The ABI does determine the state of the user program at the point where its entry is invoked. There may or may not be a user stack set up.

In the SysV ABI for x86-64 follow, the user state is, roughly, this:

• There is a user stack set up.
• *argv and *envp have been pushed on that stack.
• Four specific registers contain argc, argv, envc, and envp.

It is then up to the runtime for the programming language to set everything else up. We'll use C as our example. The relevant part of the runtime is called crt0 or c0 (short for C runtime, and the 0 means "very first"). The typical jobs that it has to do are:

• Set up the heap, signal handlers, the handler for atexit, etc.
• Set up exception handling and run global constructors if this is C++.
• Invoke main.
• On return from main, call exit.

One important difference in Windows is that the command-line is a single string; you can see this by looking at WinMain. So if you are writing a program that uses main as its entry point, the C runtime parses the command line for you.
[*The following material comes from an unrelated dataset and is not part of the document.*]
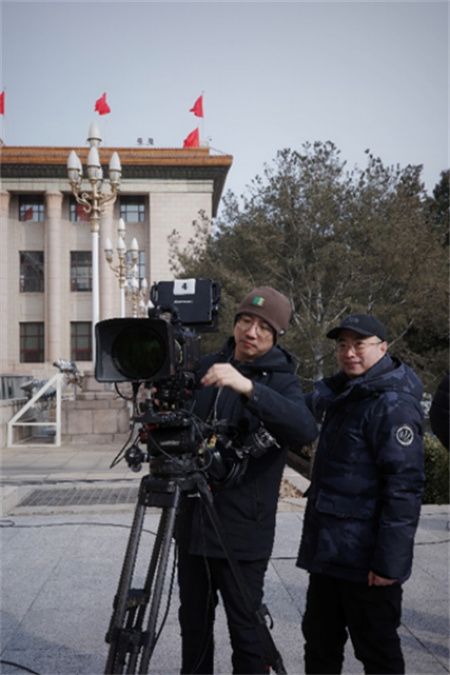 4001fcf885999b20b612ecc100303f30.jpg 4001fcf885999b20b612ecc100303f30.jpg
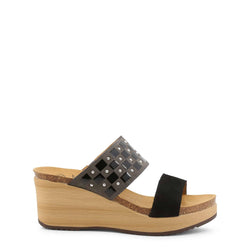 Scholl Wedges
As for zeroing pages, that is generally correct. The program file in a modern operating system is built from a number of segments. They are, typically:

• text, which is a part of the file that is mapped as read-only and executable. This corresponds to executable code.
• rodata, a part of the file mapped as read-only. This corresponds to read-only data (e.g. static string data, virtual dispatch tables, etc).
• data, a part of the file mapped as read-write and copy-on-write. This corresponds to statically initialised read-write data.
• bss, which is a region of memory mapped as zero-fill. This corresponds to uninitialised read-write data; because it is uninitialised, there does not need to be an image of this data stored in the program file.

The term "bss" was originally a pseudo-assembly instruction for the IBM 704, which meant "block started by symbol". The connection between this and the modern usage is tenuous and not relevant; Peter van der Linden suggested that you can think of it as "better save space".

Stack and allocated heap memory is also zero-fill. This is literally the case in some operating systems, where heap is allocated by memory mapping the special file /dev/zero, but in POSIX-like operating systems you can almost always map anonymous memory directly, or there is a special system call (e.g. VirtualAlloc in Windows, vm_allocate in Mach/macOS). The semantics are always that new regions are zero-filled.

(EDIT: Thanks to Peter Cordes for correcting one mistake in the last paragraph.)